Can anyone help provide more information regarding the "bull system" I hear many people use?


----------



## Matt D. (May 12, 2007)

Kal-El said:


> Can anyone help provide more information regarding the "bull system" I hear many people use?


'Many' people do not use this system. Poly breeding is an art. According to the late Brad LaVerne no one is better than Chic Brooks on the subject; who is a great pigeon flier in his own right without taking his breeding into account. What a great man to just be around, much less talk and learn from him which I have had more than my fair share of time to talk to him. Read this (it's worth reading twice) http://www.hapycolofts.com/lofts/news/poly_breeding.html and when you are done with that Read this article about a brit that does it a different way http://www.geocities.com/bhongr25/dreamteam_articles_BullSystem.htm 

Good luck. If you can get this to work; it'll be much easier to buy a very expensive cock bird. You won't have to worry about not getting enough young out of him.

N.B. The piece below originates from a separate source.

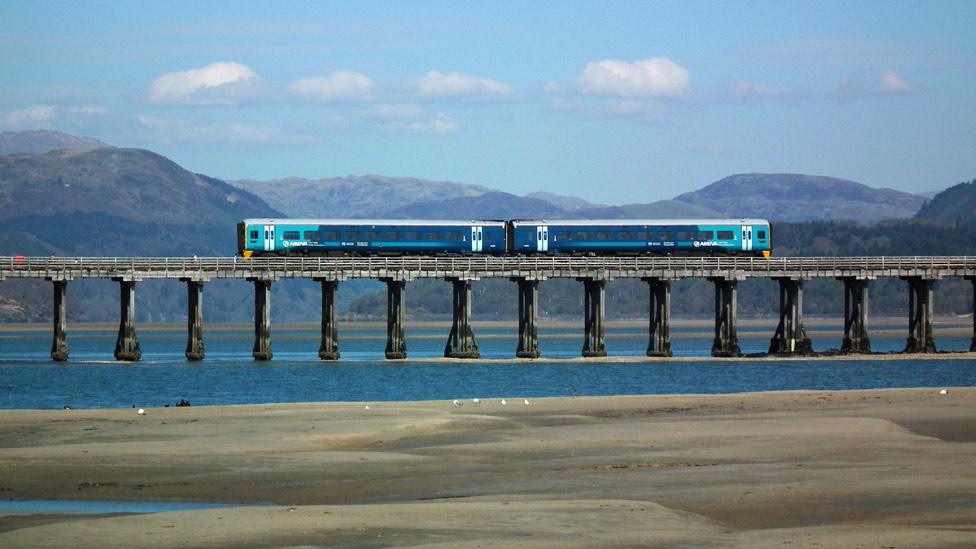 A train crossing the Mawddach estuary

On another note: You may want to also get into pumpers/feeders/chuckers. They are called by many names but if you ever have a great hen this is how you should get more young out of her. If you want to do only one breeding cock and 5 or 6 breeding hens and use pumpers then you can have an entire young bird team that are all at least half siblings of the others and i know of a few great fliers that have done that. Like everything else in pigeon racing one saying applies: There is more than one way to skin a cat.


----------



## DrElectron (Sep 19, 2008)

*Good Info...*

Matt D.

Thanks for the links !!! They will bear re-reading a few times... Having been out of Pigeons for almost 50 years, things have certainly changed !!! So much to learn, what fun !!! 

Keep-em-Flying...

Dr.E...


----------